#### Brief:
Within these records, how many lines hold "image"? Give the number alone.

### Exercise data ###

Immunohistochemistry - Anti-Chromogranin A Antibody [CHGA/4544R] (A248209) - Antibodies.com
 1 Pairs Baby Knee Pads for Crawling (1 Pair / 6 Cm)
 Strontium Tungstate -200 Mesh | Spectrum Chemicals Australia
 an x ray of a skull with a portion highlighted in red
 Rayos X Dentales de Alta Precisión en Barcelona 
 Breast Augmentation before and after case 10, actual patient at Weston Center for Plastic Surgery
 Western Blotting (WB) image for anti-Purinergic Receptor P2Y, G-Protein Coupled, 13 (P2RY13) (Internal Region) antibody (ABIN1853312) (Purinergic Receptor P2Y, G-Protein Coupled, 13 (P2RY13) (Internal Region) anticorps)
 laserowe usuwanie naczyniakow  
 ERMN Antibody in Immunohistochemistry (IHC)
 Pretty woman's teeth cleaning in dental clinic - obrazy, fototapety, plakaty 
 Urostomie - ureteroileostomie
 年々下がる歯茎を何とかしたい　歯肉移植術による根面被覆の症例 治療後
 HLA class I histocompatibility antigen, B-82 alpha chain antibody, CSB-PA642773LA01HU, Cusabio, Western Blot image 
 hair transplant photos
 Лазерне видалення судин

###

#### Result:
2